Canadian politician (1929–2005)

Lois Elsa Hole, CM, AOE DStJ (née Veregin; 30 January 1929 – 6 January 2005) was a Canadian politician, businesswoman, academician, professional gardener and best-selling author. She was the 15th Lieutenant Governor of Alberta from 10 February 2000 until her death on 6 January 2005. She was known as the "Queen of Hugs" for breaking with protocol and hugging almost everyone she met, including journalists, diplomats and other politicians.

==Early life and family==
Lois Elsa Veregin was born in Buchanan, Saskatchewan, to Michael M. Veregin and Elsa Viktoria Norsten in 1929, not 1933, as was later misreported. Her family moved to Edmonton, Alberta in 1948, where she completed her education at Strathcona Composite High School.

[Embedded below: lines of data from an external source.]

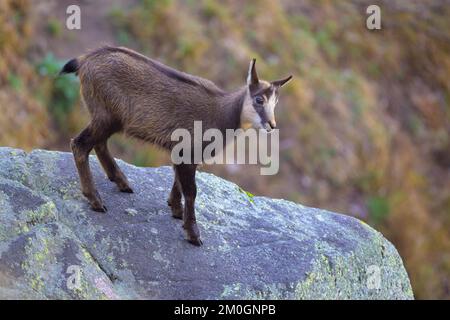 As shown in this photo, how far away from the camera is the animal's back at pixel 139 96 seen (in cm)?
637

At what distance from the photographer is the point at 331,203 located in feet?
44.3

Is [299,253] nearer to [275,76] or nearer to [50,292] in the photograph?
[50,292]

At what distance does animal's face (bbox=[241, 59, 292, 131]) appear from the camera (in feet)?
20.7

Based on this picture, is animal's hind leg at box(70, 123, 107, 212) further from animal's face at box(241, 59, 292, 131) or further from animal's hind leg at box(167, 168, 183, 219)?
animal's face at box(241, 59, 292, 131)

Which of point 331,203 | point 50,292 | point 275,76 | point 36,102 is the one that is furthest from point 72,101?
point 50,292

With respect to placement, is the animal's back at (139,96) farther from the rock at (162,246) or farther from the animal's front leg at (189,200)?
the rock at (162,246)

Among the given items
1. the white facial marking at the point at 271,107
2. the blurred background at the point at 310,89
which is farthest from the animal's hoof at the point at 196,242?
the blurred background at the point at 310,89

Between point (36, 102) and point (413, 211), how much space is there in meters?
6.92

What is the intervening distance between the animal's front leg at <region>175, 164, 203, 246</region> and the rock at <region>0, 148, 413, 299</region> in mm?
87

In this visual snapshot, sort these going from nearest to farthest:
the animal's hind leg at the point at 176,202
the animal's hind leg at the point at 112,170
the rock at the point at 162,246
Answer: the rock at the point at 162,246
the animal's hind leg at the point at 176,202
the animal's hind leg at the point at 112,170

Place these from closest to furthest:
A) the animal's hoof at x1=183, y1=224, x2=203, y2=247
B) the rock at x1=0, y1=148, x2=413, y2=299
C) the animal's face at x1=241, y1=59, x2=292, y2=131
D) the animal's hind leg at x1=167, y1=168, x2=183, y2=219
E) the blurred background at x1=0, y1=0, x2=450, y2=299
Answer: the rock at x1=0, y1=148, x2=413, y2=299, the animal's hoof at x1=183, y1=224, x2=203, y2=247, the animal's face at x1=241, y1=59, x2=292, y2=131, the animal's hind leg at x1=167, y1=168, x2=183, y2=219, the blurred background at x1=0, y1=0, x2=450, y2=299

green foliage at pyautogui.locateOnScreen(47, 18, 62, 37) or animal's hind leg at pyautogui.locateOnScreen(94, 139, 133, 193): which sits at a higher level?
green foliage at pyautogui.locateOnScreen(47, 18, 62, 37)

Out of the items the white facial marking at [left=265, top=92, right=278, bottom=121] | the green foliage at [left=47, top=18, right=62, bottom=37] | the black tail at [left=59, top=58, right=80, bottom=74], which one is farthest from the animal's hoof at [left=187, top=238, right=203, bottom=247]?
the green foliage at [left=47, top=18, right=62, bottom=37] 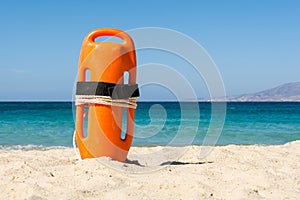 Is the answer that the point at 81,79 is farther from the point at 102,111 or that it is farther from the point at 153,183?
the point at 153,183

In 1950, she met Ted Hole, a young University of Alberta agriculture student. Several years later they married and moved to a 200 acre farm near St. Albert, Alberta. Lois and Ted Hole ran a successful market garden business from their farm which they, along with their sons Bill and Jim, incorporated as Hole's Greenhouses & Gardens Ltd. in 1979. It remained one of Western Canada's largest retail greenhouse stores until it closed in early 2011 when the Hole family moved the operation to their new site on the edge of Lois Hole Centennial Provincial Park, and opened the Enjoy Centre.

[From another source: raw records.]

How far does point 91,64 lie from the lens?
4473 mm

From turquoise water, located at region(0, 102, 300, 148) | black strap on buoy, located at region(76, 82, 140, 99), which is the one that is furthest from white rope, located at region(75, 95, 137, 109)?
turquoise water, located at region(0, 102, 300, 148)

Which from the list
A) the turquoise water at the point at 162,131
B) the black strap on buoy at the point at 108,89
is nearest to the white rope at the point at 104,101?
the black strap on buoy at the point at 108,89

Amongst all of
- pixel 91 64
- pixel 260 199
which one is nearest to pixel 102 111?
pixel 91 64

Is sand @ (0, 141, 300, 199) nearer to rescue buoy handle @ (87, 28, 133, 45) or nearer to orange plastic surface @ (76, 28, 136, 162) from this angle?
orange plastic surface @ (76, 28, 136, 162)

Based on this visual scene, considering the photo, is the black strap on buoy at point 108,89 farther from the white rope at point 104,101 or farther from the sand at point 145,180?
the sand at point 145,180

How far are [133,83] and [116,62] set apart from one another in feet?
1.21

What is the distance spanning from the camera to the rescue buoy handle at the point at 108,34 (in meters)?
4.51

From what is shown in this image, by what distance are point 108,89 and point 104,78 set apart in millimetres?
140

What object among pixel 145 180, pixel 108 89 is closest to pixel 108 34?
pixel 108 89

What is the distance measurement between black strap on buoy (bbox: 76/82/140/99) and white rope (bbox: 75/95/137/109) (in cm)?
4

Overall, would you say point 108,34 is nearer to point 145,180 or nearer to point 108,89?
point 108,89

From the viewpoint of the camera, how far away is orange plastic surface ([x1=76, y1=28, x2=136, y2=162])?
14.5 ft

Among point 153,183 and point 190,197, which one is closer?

===Personal education and involvement in education===

She received her secondary education at Strathcona High School (now known as Old Scona Academic High School) and then her ATCM (her associates diploma) in Music from the Royal Conservatory of Music, Toronto, Ontario.

In 1983, she was awarded an honorary doctorate Doctor of Athabasca University and in 1997 received a Distinguished Citizen Honorary Diploma in Business from Grant MacEwan College and in 2000 received an Honorary Doctorate in Laws from the University of Alberta. In 2003, she received an Honorary Degree in Horticulture from Olds College, Olds, Alberta.

She was a school trustee at St. Albert School District No. 6 in 1998, was a trustee and chairperson, Sturgeon School Division, was on the Athabasca University Governing Council, and Chancellor of University of Alberta, 1998–2000.

She was the Keynote speaker at the Alberta College Graduation Ceremony in 2000, at Strathcona Composite High School Commencement ceremony in 2001, and at the Strathcona Composite High School commencement ceremony in 2003.

===Writings===
In 1993, Hole wrote her first book, Vegetable Favourites, and went on to write five more in the "Favourites" series. There are currently more than 1,000,000 copies of the various books in this series in print. The series won the Educational Media Award from the Professional Plant Growers Association in 1996. In 1998, Hole's Greenhouse began publishing their own books starting with Hole's autobiographical I'll Never Marry a Farmer. She also wrote several books with her son, Jim. Hole's Greenhouse has continued to publish gardening books along with a successful annual magazine, Lois' Spring Gardening.

==Lieutenant governor==
Hole was appointed Lieutenant Governor of Alberta by Prime Minister Jean Chrétien in December 1999, and assumed office on 10 February 2000. One of her first acts as Lieutenant Governor was to discuss with Premier Ralph Klein over his government's controversial legislation which expanded the role of private providers in public health care, nonetheless she pledged to avoid a constitutional crisis and signed the bill into law.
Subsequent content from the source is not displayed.